HM Revenue & Customs’ extension of power

Spot-checks for companies and self-employed people who run their businesses from home

From April 2009 tax inspectors will be able to carry out spot-checks on all companies and self-employed people who run their businesses from home. Landlords, online traders and other people who work from home could find the taxman turning up on their doorstep unannounced demanding their records, as the government seeks a big increase in the Revenue’s powers.

Inspectors under the new scheme will be permitted to visit businesses with no warning to ‘inspect records, assets and premises.’ At present, HM Revenue & Customs’ (HMRC) must open an inquiry into a company and then give 24 hours’ notice of a visit. However, VAT officials will lose the power to turn up at people’s homes without notice.

Under the current rules, tax inspectors usually have to provide evidence of criminal activity and seek permission from a judge to carry out unannounced spot checks.

From April next year, new powers will give HMRC the right to visit business premises to demand access to records without warning. That could include your home if that is where you work.

Among proposals are new powers to enable the taxman to obtain information more easily from third parties such as banks and building societies.

During last year’s crackdown on offshore accounts HMRC managed to obtain details of 400,000 accounts, but only after court action forced the banks to cough up. It wants extra powers to force outside agencies to hand over details at will. How this will work has yet to be finalised.

At the moment you can be fined up to 100 per cent of the unpaid tax for an incorrect return, but discounts for cooperation and disclosure cut fines to nothing for many people.

New powers announced

  • Powers to turn up unannounced at business premises, including homes.
  • Tough penalties for failure to allow an inspection.
  • Banks, building societies and other third parties to be forced to hand over customer records.
  • Single penalty regime for all taxes, including inheritance tax.
  • Taxpayers could be fined for carelessness even if their accountant made the mistake.
  • People will be able to pay their tax bill by credit card.

This extension of HMRC’s power comes as it also prepares to address the issue of tax loopholes in the coming year.
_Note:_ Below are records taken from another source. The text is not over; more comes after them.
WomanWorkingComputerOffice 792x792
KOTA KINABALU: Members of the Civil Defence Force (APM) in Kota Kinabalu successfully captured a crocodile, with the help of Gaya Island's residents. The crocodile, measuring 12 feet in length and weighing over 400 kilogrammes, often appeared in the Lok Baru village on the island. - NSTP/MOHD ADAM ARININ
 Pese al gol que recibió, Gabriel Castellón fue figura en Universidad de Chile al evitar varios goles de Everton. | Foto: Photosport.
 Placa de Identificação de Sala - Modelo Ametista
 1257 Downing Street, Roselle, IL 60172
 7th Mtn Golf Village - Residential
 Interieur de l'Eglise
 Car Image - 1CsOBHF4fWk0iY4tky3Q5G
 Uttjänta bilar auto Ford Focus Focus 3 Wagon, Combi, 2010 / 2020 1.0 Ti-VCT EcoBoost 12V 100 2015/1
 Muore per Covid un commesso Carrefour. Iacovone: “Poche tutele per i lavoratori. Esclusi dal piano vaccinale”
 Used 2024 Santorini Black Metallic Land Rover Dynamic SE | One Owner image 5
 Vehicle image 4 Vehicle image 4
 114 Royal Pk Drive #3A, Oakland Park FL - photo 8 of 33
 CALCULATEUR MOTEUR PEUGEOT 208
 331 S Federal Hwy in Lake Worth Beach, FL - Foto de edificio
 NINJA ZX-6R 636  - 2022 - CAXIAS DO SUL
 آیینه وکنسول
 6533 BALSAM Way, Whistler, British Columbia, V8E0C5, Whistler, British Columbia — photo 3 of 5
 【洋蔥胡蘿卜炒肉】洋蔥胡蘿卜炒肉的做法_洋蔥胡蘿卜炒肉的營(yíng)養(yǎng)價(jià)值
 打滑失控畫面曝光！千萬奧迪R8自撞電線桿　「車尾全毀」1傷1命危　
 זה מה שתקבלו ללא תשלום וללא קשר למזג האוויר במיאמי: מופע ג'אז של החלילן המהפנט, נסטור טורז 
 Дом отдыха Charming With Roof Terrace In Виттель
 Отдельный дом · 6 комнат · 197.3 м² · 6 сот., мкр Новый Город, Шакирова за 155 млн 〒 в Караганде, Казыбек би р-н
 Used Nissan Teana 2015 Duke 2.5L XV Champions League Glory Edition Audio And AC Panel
The Treasury claims that the crackdown, which it calls ‘protecting tax revenue.’ will raise £660m in revenue next year alone.

A spokeswoman for HMRC said: ‘The aim of the Powers Review is to align and modernise the powers and taxpayer safeguards that HMRC inherited from Customs & Excise and the Inland Revenue. The intention is to provide greater consistency and alignment of our access to records and information.’

In an unusual move, the Treasury has backdated one of the tax amendments to 1987, meaning that companies or individuals who have taken advantage of tax-planning measures since then could be hit with a hefty tax bill in the coming months.

Any companies or individuals who have used trusts to take advantage of double taxation treaties to minimise their tax bills could be affected. The HMRC spokeswoman said: ‘There has been highly aggressive avoidance with the clear intent of frustrating [the] previous legislation, hence the clarification.’

The other measures include tightening special stamp duty exemptions for those who take out Sharia mortgages, stopping people from setting up loss-making businesses to minimise their tax bills and a crackdown on the way in which North Sea oil and gas companies calculate their tax liabilities. The Revenue will also clamp down on companies using UK-controlled offshore vehicles to minimise their tax payments.